Forex market in Amsterdam — 17-18 century A.D.

During the 17th (or 18th) century, Amsterdam maintained an active Forex market. In 1704, foreign exchange took place between agents acting in the interests of the England and Holland.

Birth of the U.S. Dollar — 18th century

When the British colonized America, the government restricted the colonists from minting currency. But the colonists used any foreign currency they could get their hands on. Particularly popular was the large silver Spanish "dollar", which gained significance during the American Revolution. The U.S. adopted the Dollar in April 1792, which over time became the best-recognized currency in the world.

Western Union — Mid-19th century

The New York & Mississippi Valley Printing Telegraph Company was founded in 1851 — renamed the Western Union Telegraph Company in 1856. In 1872, Western Union launched Wire Transfer — a method of electronic funds transfer from one person or entity to another - on its telegraph network, changing forever the way money moved within and across the borders.

International wire transfers become mainstream — Late 19th Century

With a boom in globalized industrialization, Wire Transfers became increasingly popular in the late 19th century.

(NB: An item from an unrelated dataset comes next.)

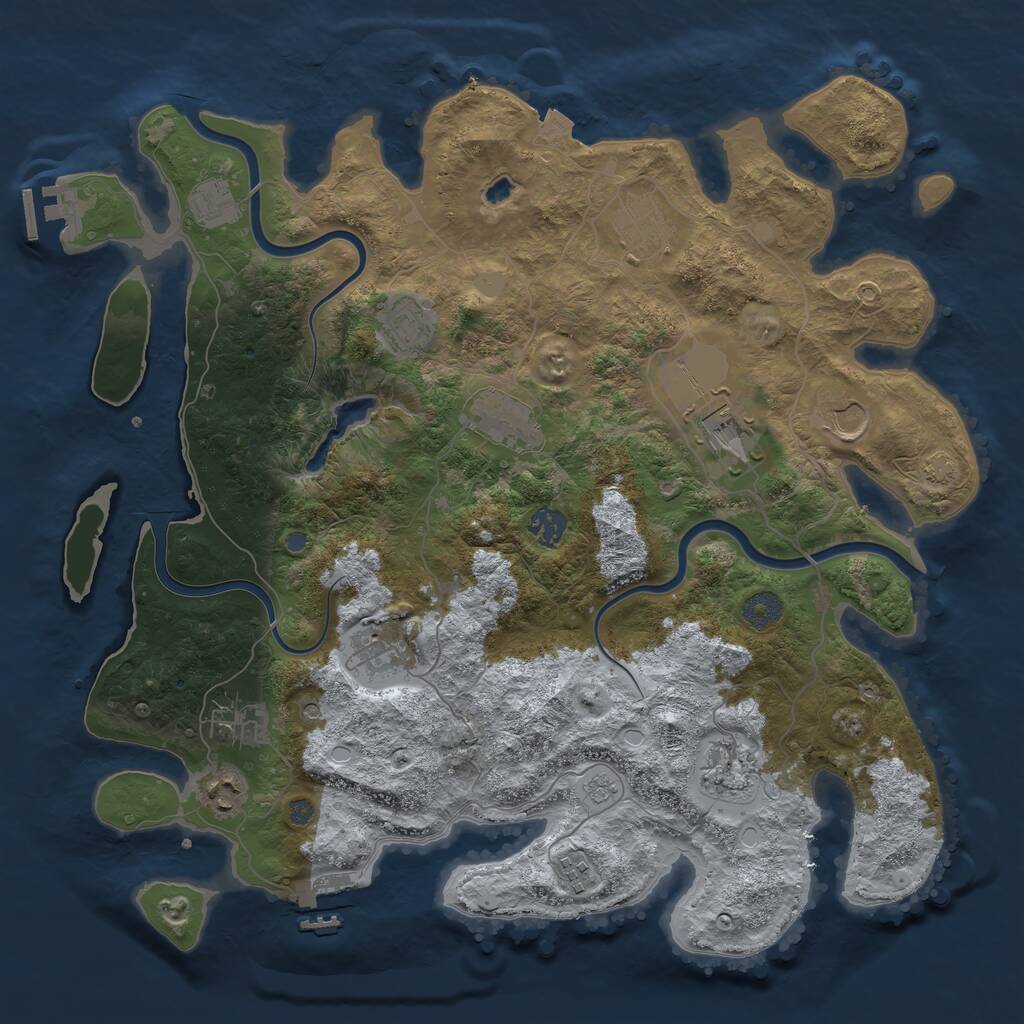 Rust Map: Procedural Map, Size: 4000, Seed: 288240249, 17 Monuments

As more and more people started working with contractors and innovators overseas, banking became increasingly globalized, including how people sent and received funds internationally on an individual basis. This had never happened before.

International payment network (SWIFT) — Late 20th century

Global network the Society for Worldwide Interbank Financial Telecommunication (SWIFT) facilitates international payments. Founded in 1973, SWIFT does not actually move money; their network transmits messages between banks that allow the banks to make transfers. Used largely for business and banking-related transfers, SWIFT handles about transactions worth $5 trillion per day.

PayPal revolutionizes money transfers — End of 20th century

At the fag end of the 20th century, PayPal emerged as the first online money transfer company to get into the limelight. PayPal made online money transfer possible, that too at a fraction of the cost that larger money transfer companies and banks were charging. In 2017, PayPal’s annual payment volume amounted to $451.27 billion.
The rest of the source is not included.